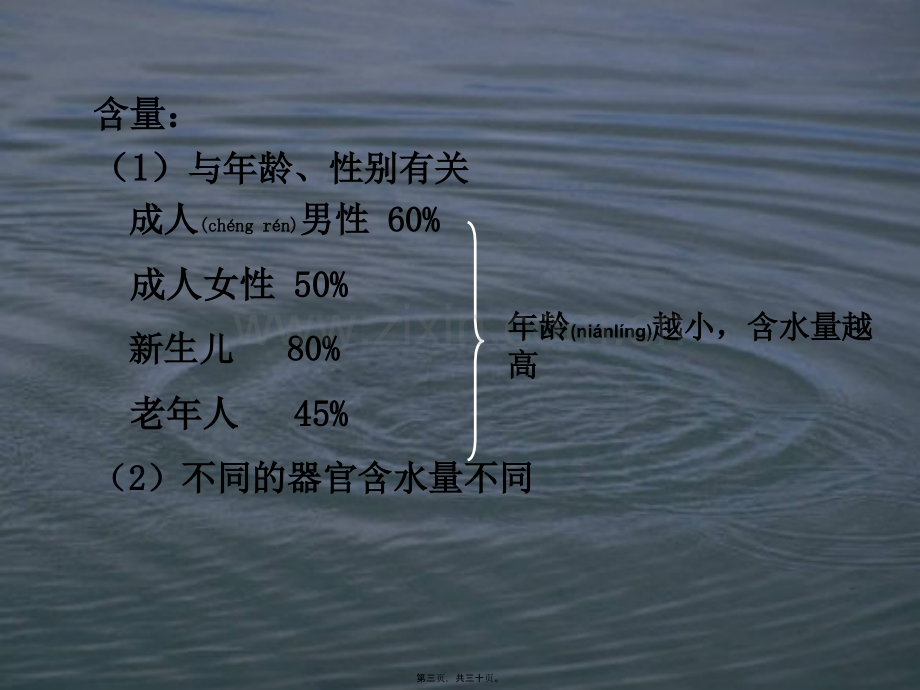 人体对水的需要.ppt_第3页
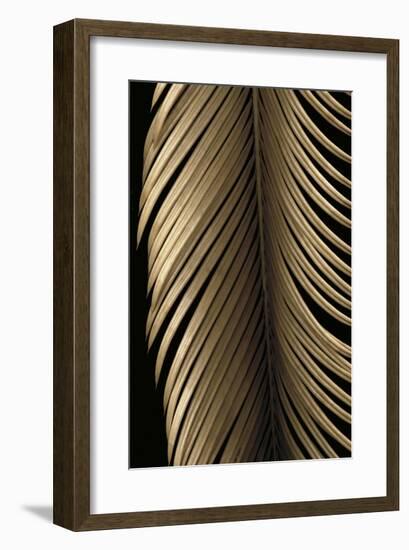 Tropical Leaf Study II-Andrew Levine-Framed Giclee Print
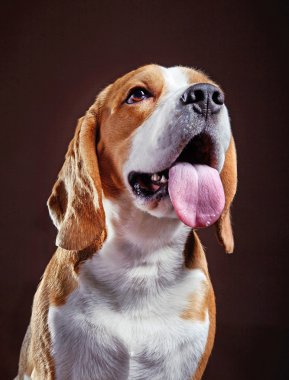 Genç beagle köpek portresi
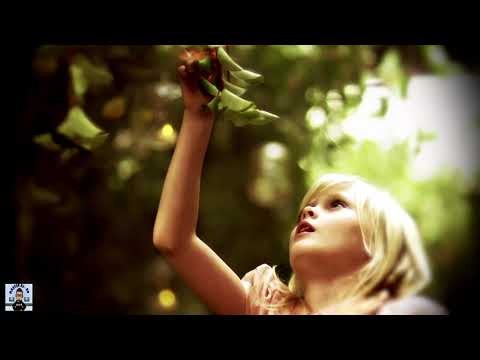 Paramore - Brick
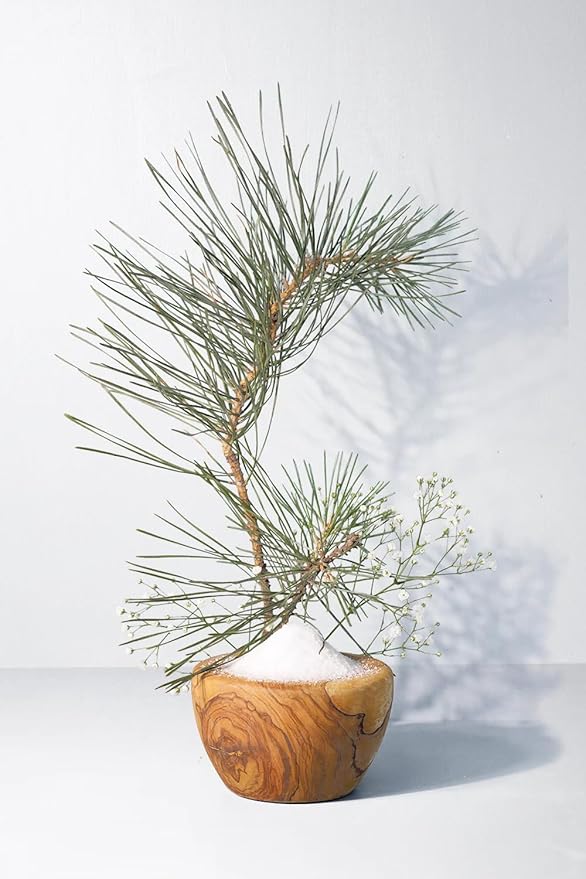 Crushed Salt + Mist Hand and Body Wash Luxury Hand and Body Wash | Paraben and Sulfate Free | Vegan | 16 fl oz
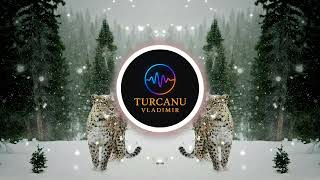 Download lagu Beautiful Instrumental Beat | Emotional Hybrid Music by Turcanu Vladimir mp3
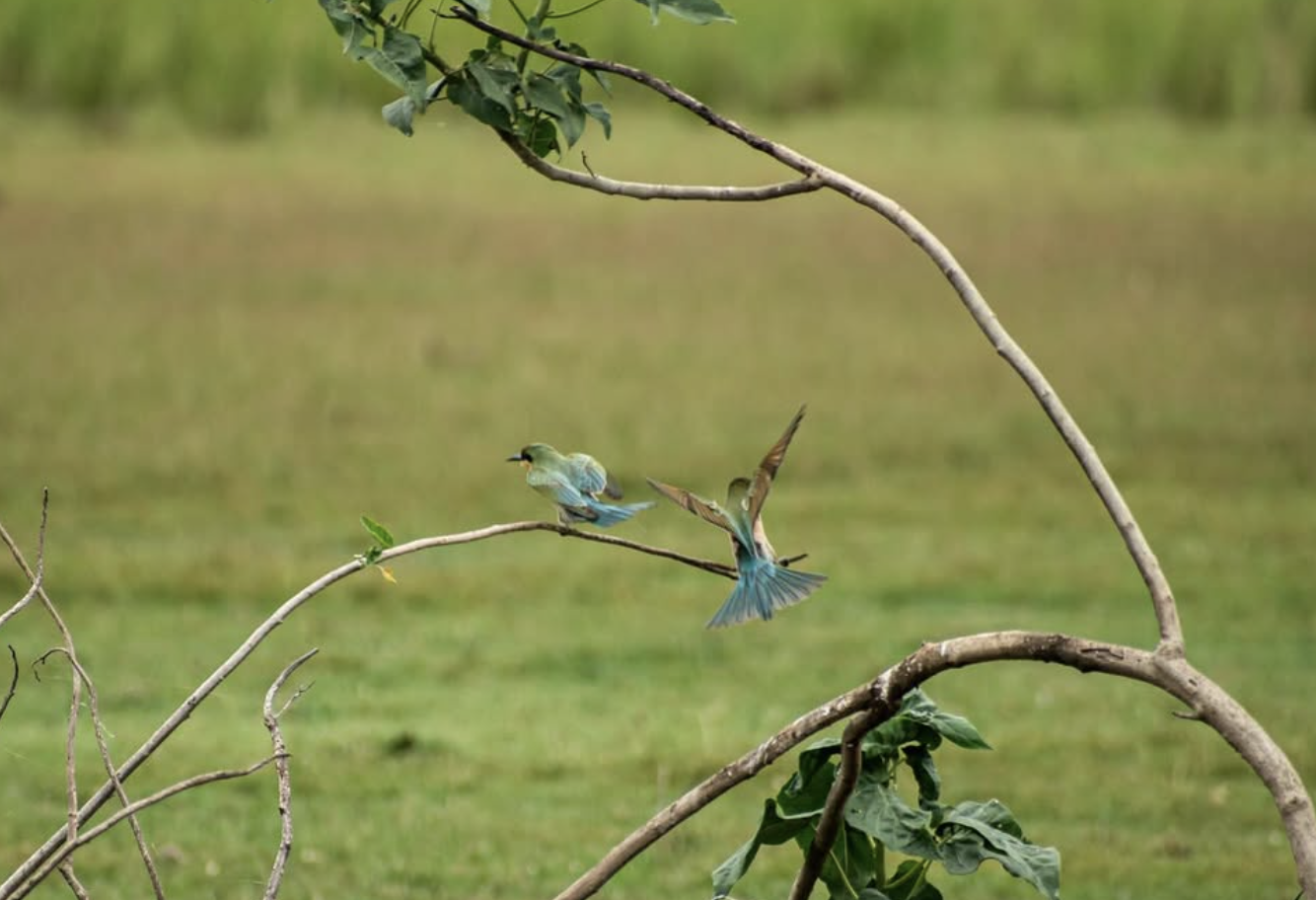 Photography by Lawanya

• _What you need to do_
Your copy should hold exactly the lines from the line bearing "Crushed Salt +" through the end of the data, both included, and no pictures or anything further.

• _Solved exercise_
 Crushed Salt + Mist Hand and Body Wash Luxury Hand and Body Wash | Paraben and Sulfate Free | Vegan | 16 fl oz
 Download lagu Beautiful Instrumental Beat | Emotional Hybrid Music by Turcanu Vladimir mp3
 Photography by Lawanya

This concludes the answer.